**EXTRACTED MATERIAL**:
....................
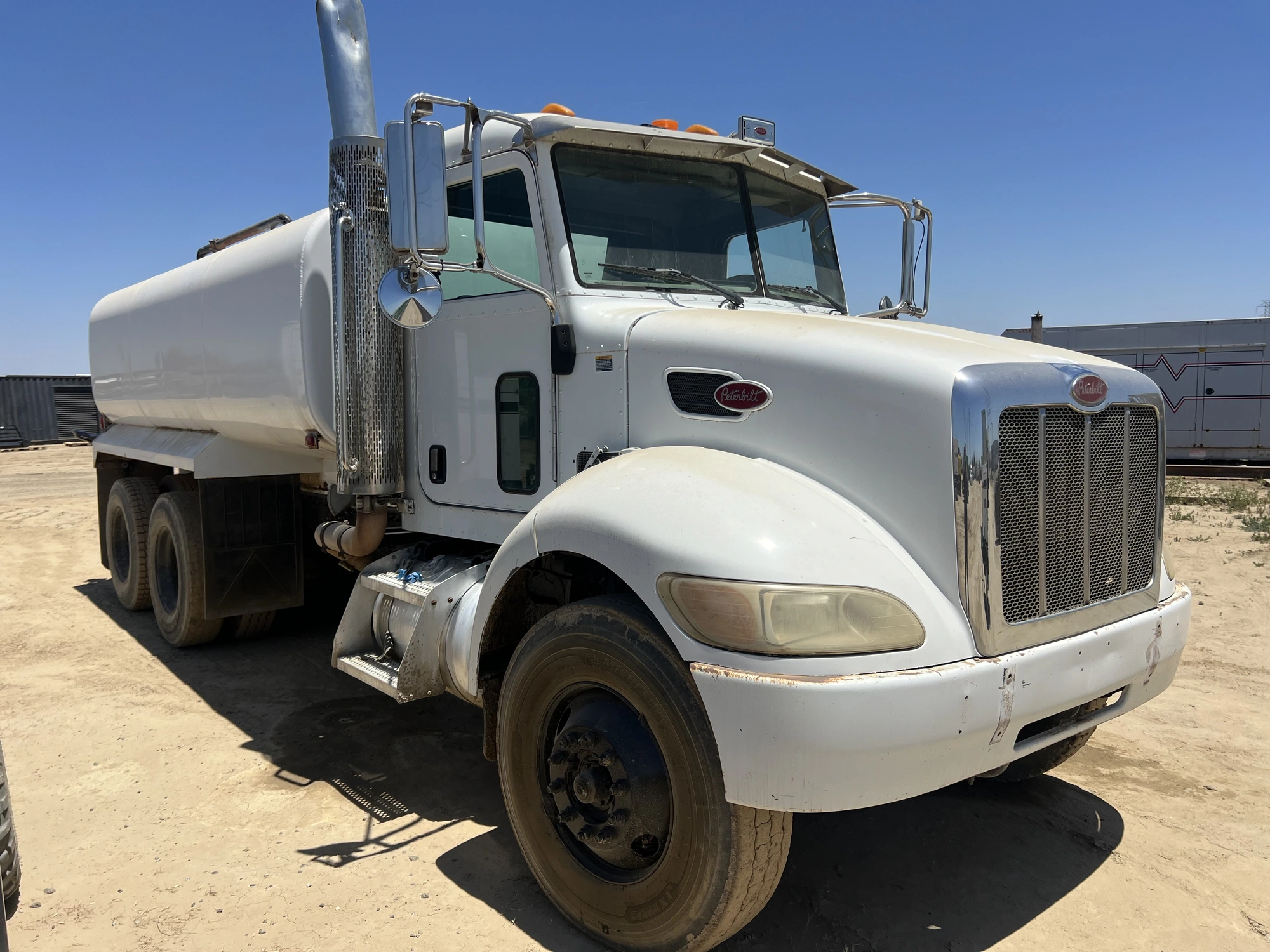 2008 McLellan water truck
....................
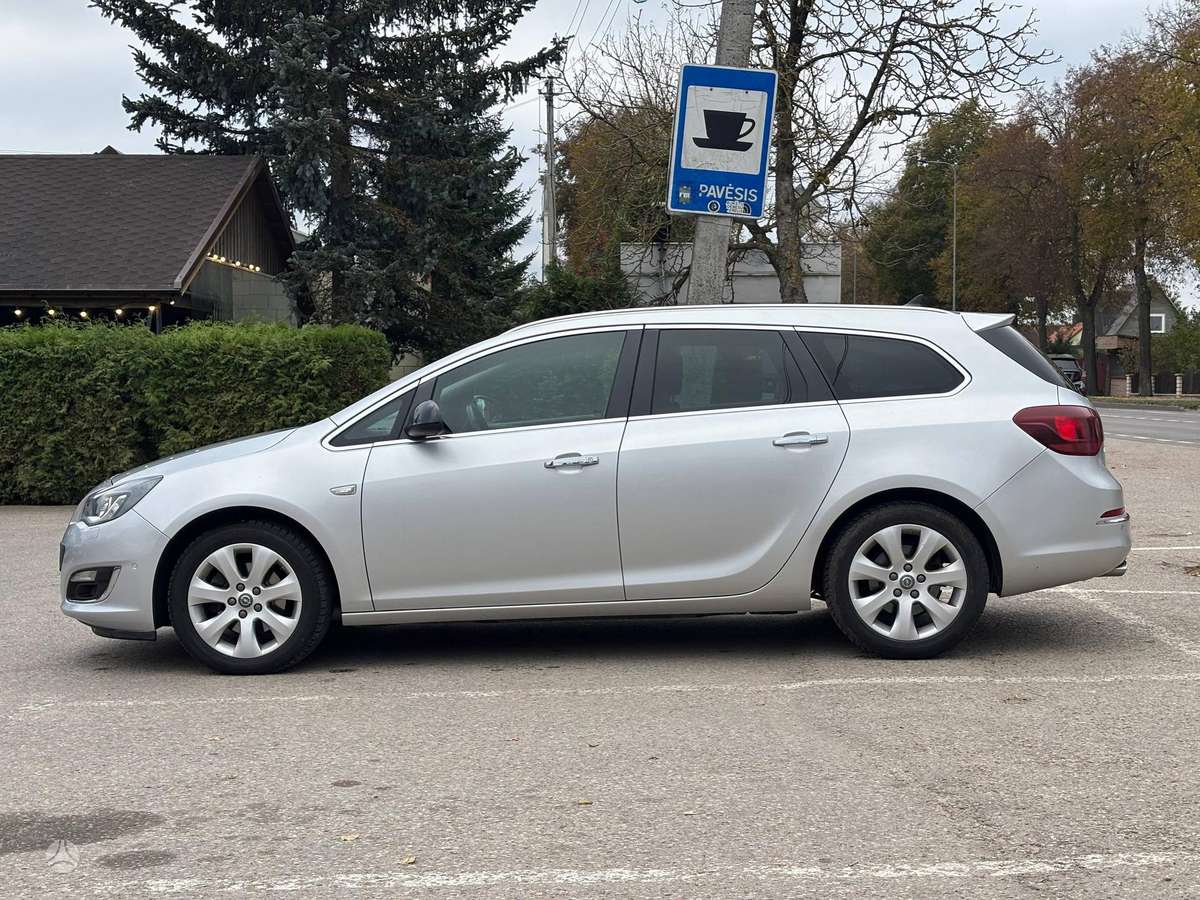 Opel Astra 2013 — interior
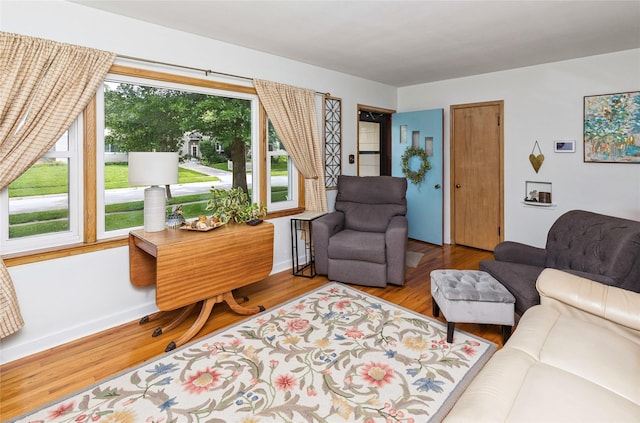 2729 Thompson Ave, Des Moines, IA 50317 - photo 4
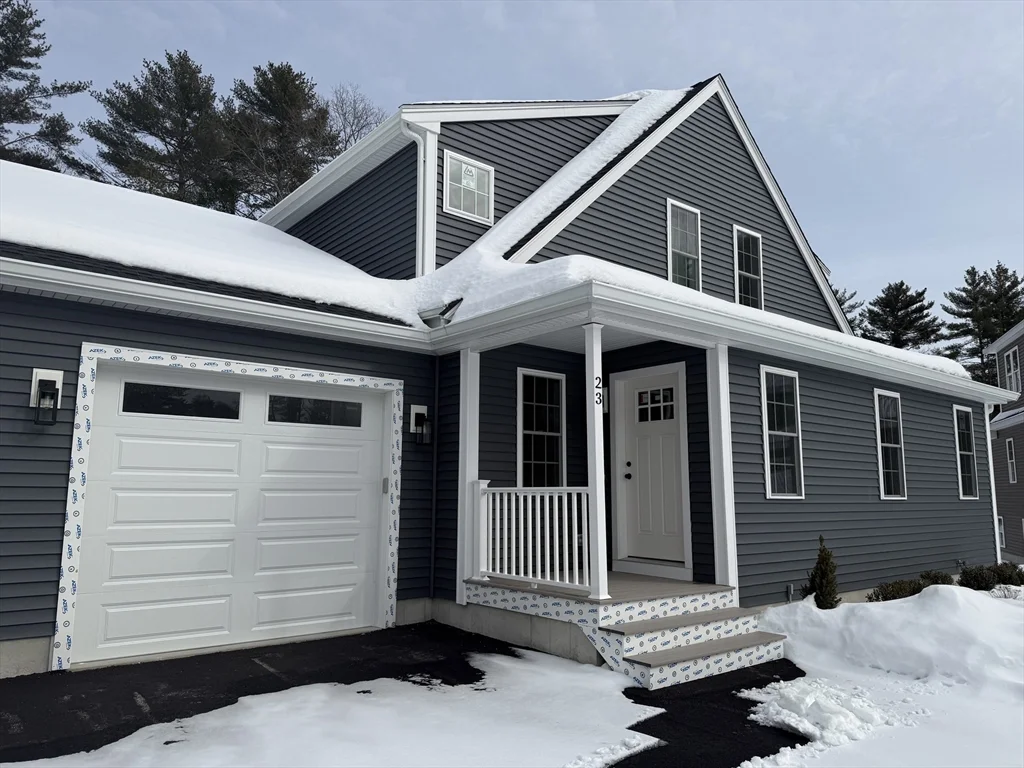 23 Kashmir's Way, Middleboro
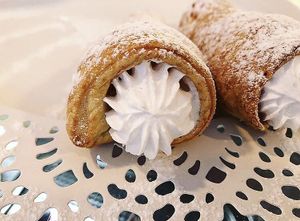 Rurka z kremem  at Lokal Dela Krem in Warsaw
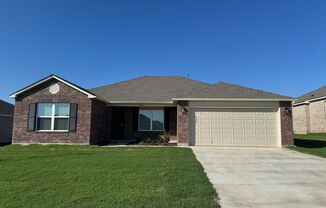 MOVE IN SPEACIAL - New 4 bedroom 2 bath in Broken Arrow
....................
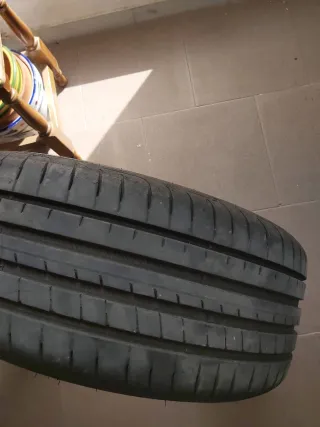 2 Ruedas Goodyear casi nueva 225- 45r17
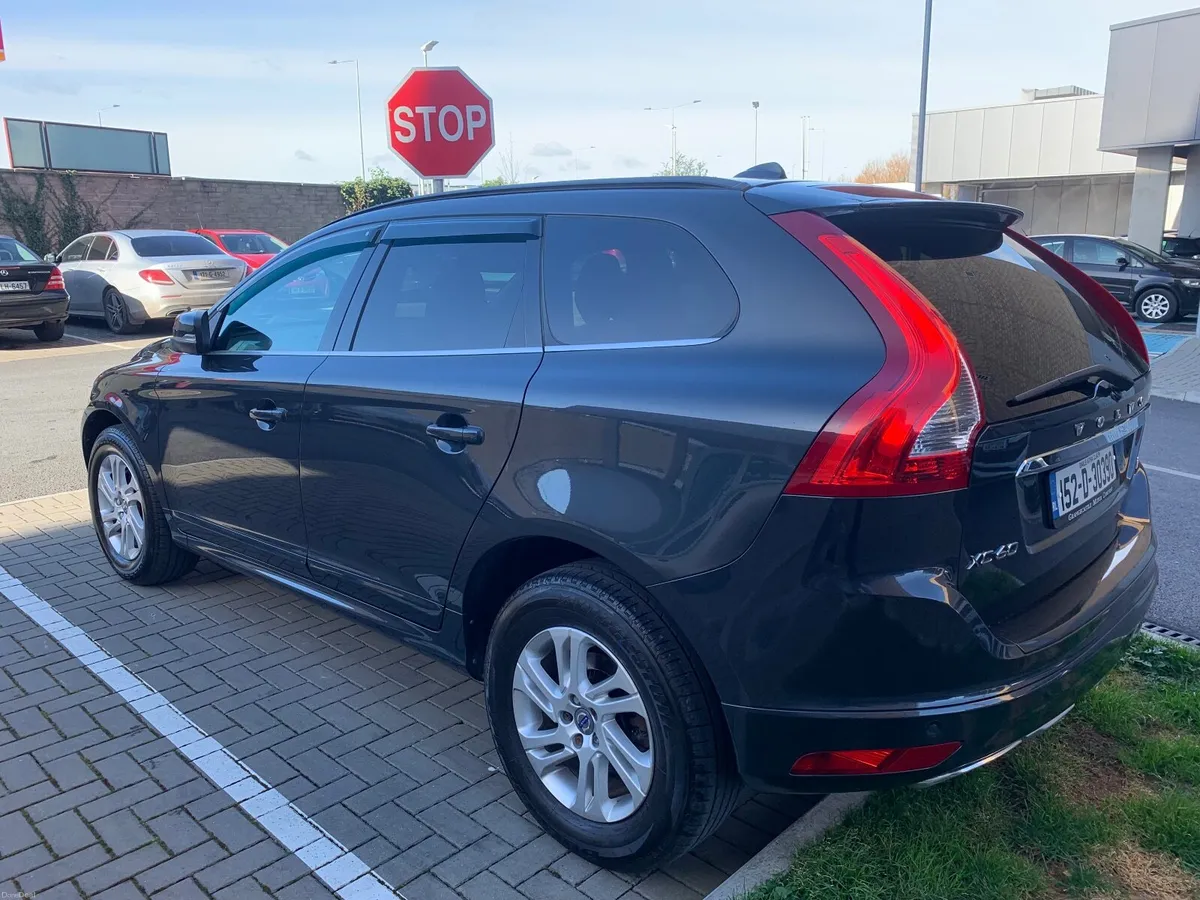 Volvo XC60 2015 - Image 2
....................
**TASK TO CARRY OUT**:
Everything between and including the line above containing "2 Ruedas Goodyear casi nueva 225- 45r17" and the line containing "Volvo XC60 2015 - Image 2" should be reproduced exactly, with pictures excluded.

**REPLY**:
 2 Ruedas Goodyear casi nueva 225- 45r17
 Volvo XC60 2015 - Image 2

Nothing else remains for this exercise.